The other day, I read that the moment of feedback deserves a pause for reflection. It sounds obvious, but I've found myself justifying a behavior or trying to explain why a decision was made during a feedback meeting. The text said that 24 hours is enough to absorb what has been said and, if necessary, talk to the manager again and put forward your point of view. Over the course of my 20-year career, I've had many feedback sessions, some formal, as part of the annual 360º process, others one-off, when the manager felt the need to point out an improvement/praise in posture or performance, but there are few that have marked my career and made me rethink routes. I decided to revisit this feedback and advice today.

It's very difficult to understand what you like to do when you're happy in everything you do.

I was really happy, it was my first experience in marketing and I really admired my manager (something essential to keep me motivated), so I just tackled all the demands and projects with the same care. Besides, it felt right to do everything that was asked of me, I was eager to learn. But yes, we all have our preferences, a more strategic or analytical profile, tasks that involve working in a team or in solitary mode, a preference for holding meetings in the early hours or in the late afternoon, these are important points that everyone needs to be aware of. 

After sounding strange, I understood the power of this feedback: it's my job to know my strengths and make them clear to my manager, pointing out how and with what I like to work, after all, that's the only way the company will get the best out of me. 

You have no sense of urgency.

This feedback haunted me for a long time! How could that be?
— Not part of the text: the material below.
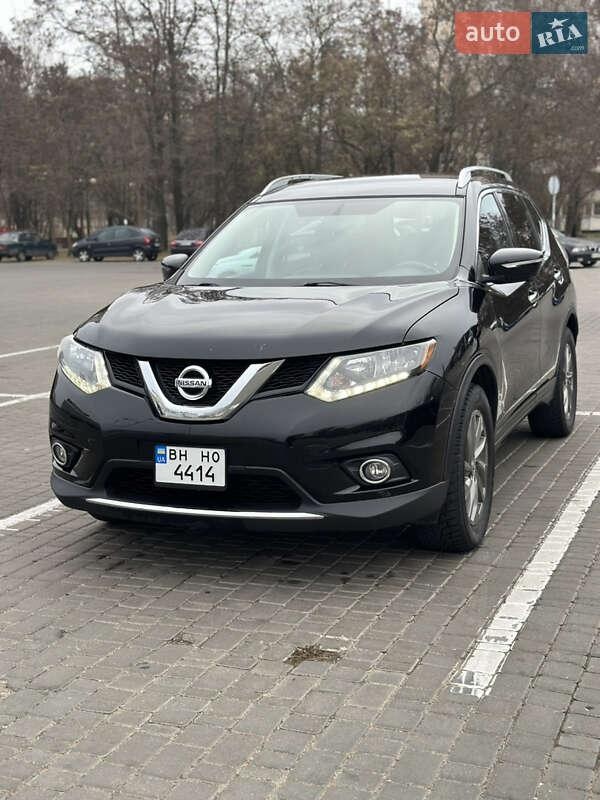 Nissan Rogue 2015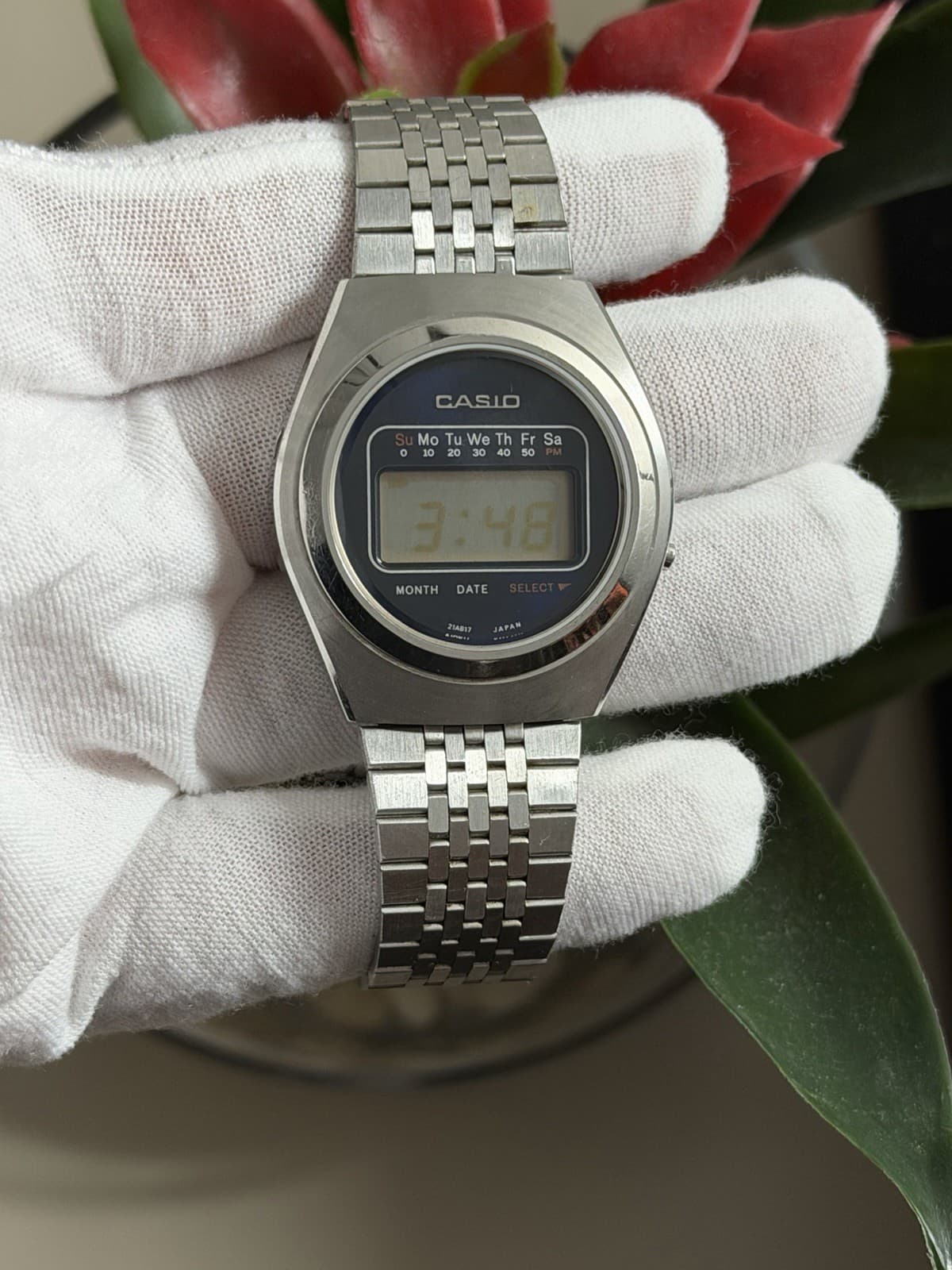 Rare Vintage Casio Casiotron R-19 Men’s Digital Sports Watch JDM 1970s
I never have unread emails in my inbox, I know the status of all the projects, I constantly check the progress of the most relevant deliveries... how can I be seen as having 'no sense of urgency'? 
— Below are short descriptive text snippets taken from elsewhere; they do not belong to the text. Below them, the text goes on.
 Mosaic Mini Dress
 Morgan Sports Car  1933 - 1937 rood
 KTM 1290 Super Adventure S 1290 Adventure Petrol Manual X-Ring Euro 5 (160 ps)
The good thing about feedback is that it is usually accompanied by situations in which we display such behavior. In this case, the examples made me understand that the criticism was about how I had dealt with the problems, the apparent calm in managing the suppliers, the review of deadlines with the team and the search for the best way forward together reflected this aforementioned lack of urgency. It was the look of someone who didn't agree with another way of being and acting, even if the end result was satisfactory. For a while, I made every effort to change my attitude, to be more aggressive on a daily basis, and it worked, but it wasn't fair to force me to be something I didn't believe in and eventually, I looked for a culture where my way of being was more in line with the company's values.  

You involved me less than I would have liked in some processes.
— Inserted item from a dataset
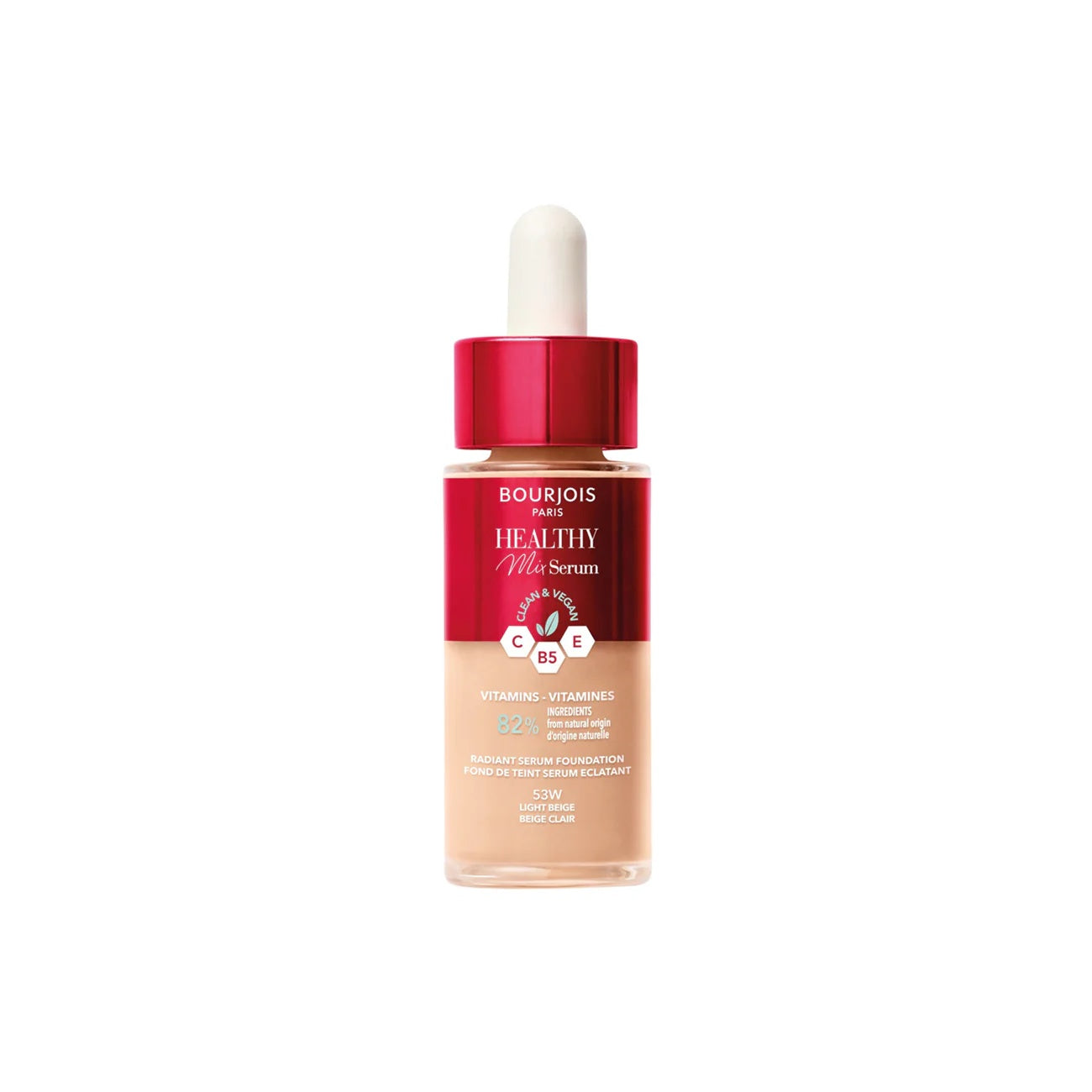 Bourjois Healthy Mix Serum - Radiant Serum Foundation-9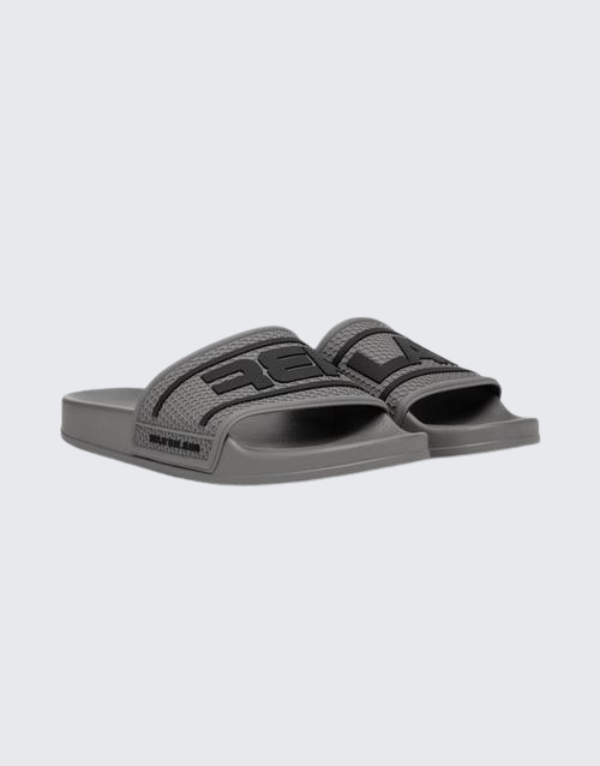 Replay Up Total Sneakers In Dark Grey And Black Men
A new manager, new rules. When the new manager arrived, I presented the team's way of working and moved on. It was easy to work with the autonomy gained after years in the company and the format had worked previously: there was the weekly team meeting, sharing the main topics with the management team and inviting the manager to take part in decision-making meetings. But with the feedback, I realized that 'new rules' had to be defined in order to establish a relationship of trust. For some managers, a simple email copy is enough to make them feel involved and part of the process, others like to sit in on meetings and, of course, there are those who feel more comfortable controlling the day-to-day. 

If the rules are comfortable for both of you, the relationship flows and autonomy happens. 

Having a manager who trusts your work and recognizes your value is worth more than 10 MBAs.

Choosing between two offers is not an easy task. On the one hand, I had what I considered to be the ideal job, a dynamic category, an attractive brand, a young and innovative team, a good investment in marketing. On the other, I had the chance to work with a manager who really believed in my potential and was willing to invest in my growth. 

I went to talk to my mentor, a professional with years of experience in the company, and with this phrase, he made me think about the important relationship we develop with our direct manager. This new manager would challenge me on a daily basis, entrust me with strategic projects, be willing to listen and understand my opinion for the future of the area. This person would influence the way I manage and would be really important for my development. 

The council brought up a new point for decision-making.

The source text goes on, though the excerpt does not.